They Don’t Even Have a License, Leeza. (Now We Do)

We got our marriage license today.

Actually, it wasn’t the easiest thing in the world to do, as there aren’t too many places in Los Angeles to fill out this form, and the Beverly Hills one is only open about twelve hours a week total. I appreciate how often they stress that both bride and groom must be in attendance to get one of these things, so you can’t send your bride out to get the license as one of her errands, and a woman can’t find herself somehow married to a guy with too much time on his hands.

It’s very romantic at these service centers. Beautiful Van Nuys stopped making porn long enough for us to stand in line with our photo ID’s and birth certificates (which weren’t needed), and a form we had downloaded and filled out in advance (that they said we couldn’t use even though it was exactly the same as the form they made us fill out at the office). All around us romance was bubbling — from the young couple filing bankruptcy, to the sketchy man attempting to open his own DBA (the hilarious initialism for “Doing Business As,” which is like calling a Ph D “People Hoo Doctor.”) Pregnant women and couples covered in babies were waiting in line for the chapel services. A young girl of about five bounced out of one of the rooms and announced, “They’re married now!” which was very cute, indeed.

Note the security guard. Also this room had about six thousand individual pieces of paper tacked to the walls, telling us how to get our passports, where to wait in line, what to do with our children, where to park, how to file for an alias, and when exactly the cell phones need to be turned off during this process (before approaching window). We filled out another form and handed it over through window number four. We were given a piece of paper and told to wait in the “holding room.”

Yes, he’s reading The Fountainhead. Re-reading it, actually. Try not to dwell on what all that means.

I wish we could have taken a picture of this tiny, tiny room, so you could have met the group sitting beside us. A young couple (they later discussed how the oldest one of the four there was twenty), waited with rings in hand for their turn at the chapel. They were all dressed in suits and dresses, fidgeting nervously with the various pieces of paper they had just received from window four. The other two guys goofed around, asking them when they were going to have kids. When they saw the rings, one of the boys raised the roof to celebrate his buddy’s good taste.

The couple on my other side were waiting to file some kind of paperwork that would turn over a housing property to someone else. It appeared that nobody in the dwelling could afford the rent or mortgage due to someone’s illness.

Yes, I’m that nosy.

Then they called us up.

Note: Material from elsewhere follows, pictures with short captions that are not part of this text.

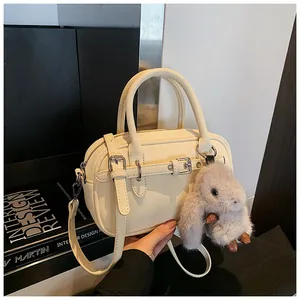 Detail of off-white lychee grain leather handbag with silver hardware and plush bunny charm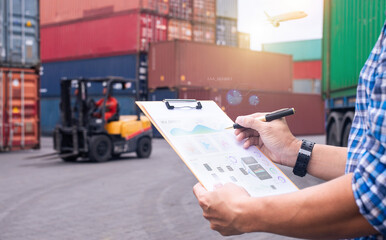 Logistics manager reviewing documents at a shipping yard, with a forklift and cargo containers in...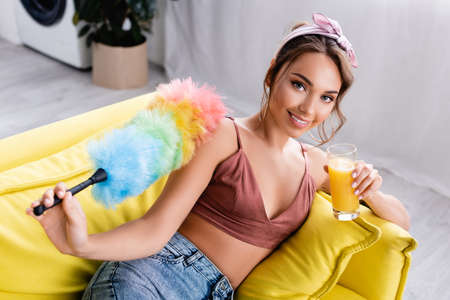 Selective focus of housewife holding dust brush and glass of orange juice on couchの写真素材
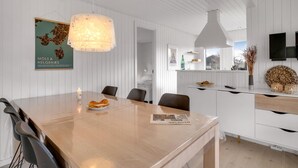 Eine moderne Küche mit Holztisch, weißen Schränken und einer Pendelleuchte.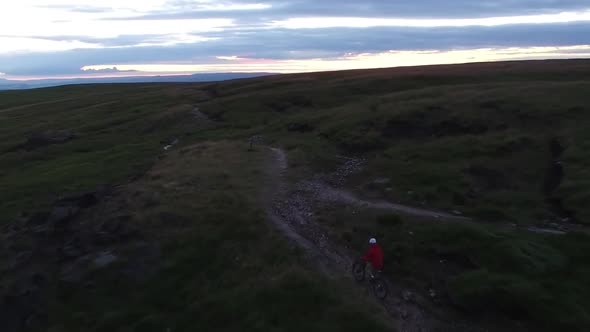 Aerial shot of a mountain biker on a singletrack trail.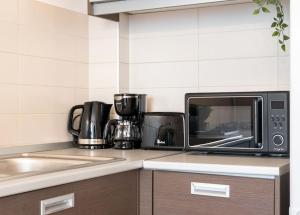 a kitchen counter with a microwave and a sink at Vivando - Bright 1BR - Green View Balcony - Parking in Bucharest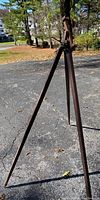 Photo showing one wooden leg and the tripod standing on asphalt outdoors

Stee was, of course, outside on a cell phone call during this blessed moment of our impending nuptials, so I congratulated the young kids and ran out to fetch my “groom,” as they continued to call him through this process.

Then we went to another window where we had to sign paperwork. My hands were shaking, which I couldn’t have predicted. The guy behind the counter congratulated us and made stee take off his hat while we raised our right hands and swore to the state of California that neither of us had ever been married before. Then they gave us a stack of paperwork for Tara to handle after the wedding, and we were on our way. The whole thing costs almost a hundred dollars, and apparently if you don’t sign everything in black ink, the entire wedding is void. I’m not kidding. They said it about five times. If we don’t sign everything in black ink — the witnesses, the minister, etc. — we have up to a year to redo the entire thing or our marriage will be void. Note to future Britneys — just sign it in red, bitches. Save yourself some hassle.

And I picked up my dress today, which means this is the biggest wedding day we’ve had so far. The seamstress was very helpful this time, informing me that I’ve been putting it on incorrectly all this time, which is why it would gather in a strange place. I promise to impart my wedding dress wisdom once stee’s seen the thing, but for now know that the dress is in my care, and the seamstress told me a horror story as a warning, about a bride whose cats shredded her dress because the fabric felt good under their claws.

After seeing what Olive has already done to our beloved new couch, that dress isn’t going anywhere near something with fur. I’ve got it locked in a secret location where it will soon move to a second secret location before arriving at the third location, which is where it will coast down an aisle and become a wife.

Wait. I filled out the wrong form. My dress isn’t the bride. DAMMIT!